Les URL des deux pages de l’article 8125 seront donc sous la forme (si votre script se nomme article.php) :

http://www.votresite.tld/article.php?numero=8125&page=1
http://www.votresite.tld/article.php?numero=8125&page=2

Vous préféreriez, et cela se comprend, que vos visiteurs accèdent à cet article par :

http://www.votresite.tld/article-8125-1.html
http://www.votresite.tld/article-8125-2.html

Analysons point par point comment réécrire cette règle toujours simple.
Nous voyons dans ces URL qu’elles contiennent deux parties variables : le numéro d’article et le numéro de page, tout le reste étant fixe comme le nom du script et le nom des variables.
La règle s’écrirait comme ceci :

RewriteEngine on
RewriteRule ^article-([0-9]+)-([0-9]+)\.html$  article.php?numero=$1&page=$2  [L]
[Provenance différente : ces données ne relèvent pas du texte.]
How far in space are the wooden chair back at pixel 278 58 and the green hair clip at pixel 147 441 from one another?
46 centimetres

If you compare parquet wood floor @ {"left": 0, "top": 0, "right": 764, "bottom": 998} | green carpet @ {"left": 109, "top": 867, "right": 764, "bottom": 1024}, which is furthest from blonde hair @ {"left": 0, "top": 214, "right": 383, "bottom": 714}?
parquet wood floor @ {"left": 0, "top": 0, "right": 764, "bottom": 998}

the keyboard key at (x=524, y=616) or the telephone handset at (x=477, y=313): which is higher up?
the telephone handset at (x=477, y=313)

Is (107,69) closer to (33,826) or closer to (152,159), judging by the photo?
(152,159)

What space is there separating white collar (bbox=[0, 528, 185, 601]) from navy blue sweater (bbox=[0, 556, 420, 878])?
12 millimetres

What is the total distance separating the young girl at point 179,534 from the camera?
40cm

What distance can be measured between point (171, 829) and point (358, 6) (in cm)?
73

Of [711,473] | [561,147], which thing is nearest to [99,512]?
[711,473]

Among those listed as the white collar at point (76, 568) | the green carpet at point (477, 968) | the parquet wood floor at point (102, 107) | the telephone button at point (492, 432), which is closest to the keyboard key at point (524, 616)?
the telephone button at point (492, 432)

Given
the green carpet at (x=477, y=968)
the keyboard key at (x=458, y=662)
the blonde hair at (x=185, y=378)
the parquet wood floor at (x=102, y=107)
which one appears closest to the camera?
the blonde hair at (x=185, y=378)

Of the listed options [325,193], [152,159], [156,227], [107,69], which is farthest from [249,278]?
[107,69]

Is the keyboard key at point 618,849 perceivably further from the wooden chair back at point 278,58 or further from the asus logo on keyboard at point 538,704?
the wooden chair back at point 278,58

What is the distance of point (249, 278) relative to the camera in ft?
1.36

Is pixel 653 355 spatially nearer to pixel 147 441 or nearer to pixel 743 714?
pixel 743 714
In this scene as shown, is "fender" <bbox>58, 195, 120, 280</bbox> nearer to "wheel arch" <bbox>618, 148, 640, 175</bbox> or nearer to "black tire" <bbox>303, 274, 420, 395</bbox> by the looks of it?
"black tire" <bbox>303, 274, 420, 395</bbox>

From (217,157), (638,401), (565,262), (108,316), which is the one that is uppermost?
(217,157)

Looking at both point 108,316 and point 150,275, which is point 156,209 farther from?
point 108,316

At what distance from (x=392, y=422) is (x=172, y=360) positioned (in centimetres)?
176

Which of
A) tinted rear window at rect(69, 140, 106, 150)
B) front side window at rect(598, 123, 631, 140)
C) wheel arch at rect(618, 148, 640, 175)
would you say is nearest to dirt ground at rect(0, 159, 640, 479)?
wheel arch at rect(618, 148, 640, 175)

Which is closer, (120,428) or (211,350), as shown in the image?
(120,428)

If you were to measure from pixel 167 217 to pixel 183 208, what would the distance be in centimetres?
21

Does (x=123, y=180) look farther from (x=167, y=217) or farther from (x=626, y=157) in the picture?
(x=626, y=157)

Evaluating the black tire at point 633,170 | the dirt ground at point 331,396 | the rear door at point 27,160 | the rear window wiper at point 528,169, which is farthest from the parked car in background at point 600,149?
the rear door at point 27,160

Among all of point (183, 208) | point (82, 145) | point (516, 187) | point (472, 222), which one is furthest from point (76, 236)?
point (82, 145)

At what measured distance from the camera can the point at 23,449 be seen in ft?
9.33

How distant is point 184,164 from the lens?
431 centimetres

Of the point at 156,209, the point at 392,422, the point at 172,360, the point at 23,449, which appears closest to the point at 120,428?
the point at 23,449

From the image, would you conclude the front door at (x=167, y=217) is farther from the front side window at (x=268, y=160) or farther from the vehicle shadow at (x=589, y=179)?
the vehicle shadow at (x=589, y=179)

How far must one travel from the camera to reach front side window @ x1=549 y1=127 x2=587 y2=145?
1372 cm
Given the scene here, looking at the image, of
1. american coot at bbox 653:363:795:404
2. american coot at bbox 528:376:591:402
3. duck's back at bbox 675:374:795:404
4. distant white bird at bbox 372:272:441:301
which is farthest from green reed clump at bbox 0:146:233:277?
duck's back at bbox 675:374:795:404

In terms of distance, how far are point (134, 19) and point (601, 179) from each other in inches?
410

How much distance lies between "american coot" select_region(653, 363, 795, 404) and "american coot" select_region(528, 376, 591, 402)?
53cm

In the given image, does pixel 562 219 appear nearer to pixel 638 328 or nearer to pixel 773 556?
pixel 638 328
Cela vous semble compliqué ? Il n’en est rien, voici l’explication :

Nous ne reviendrons pas sur la ligne RewriteEngine on qui est, vous le savez, indispensable. Nous l’omettrons d’ailleurs de manière systématique pour la suite de nos exemples.

Nous retrouvons dans notre règle les parties constantes « article - - .html » et « article.php ?numero= &page= » que nous avons identifiées.
De même, les caractères de début (^) et fin ($) de ligne ont été expliqués précédemment.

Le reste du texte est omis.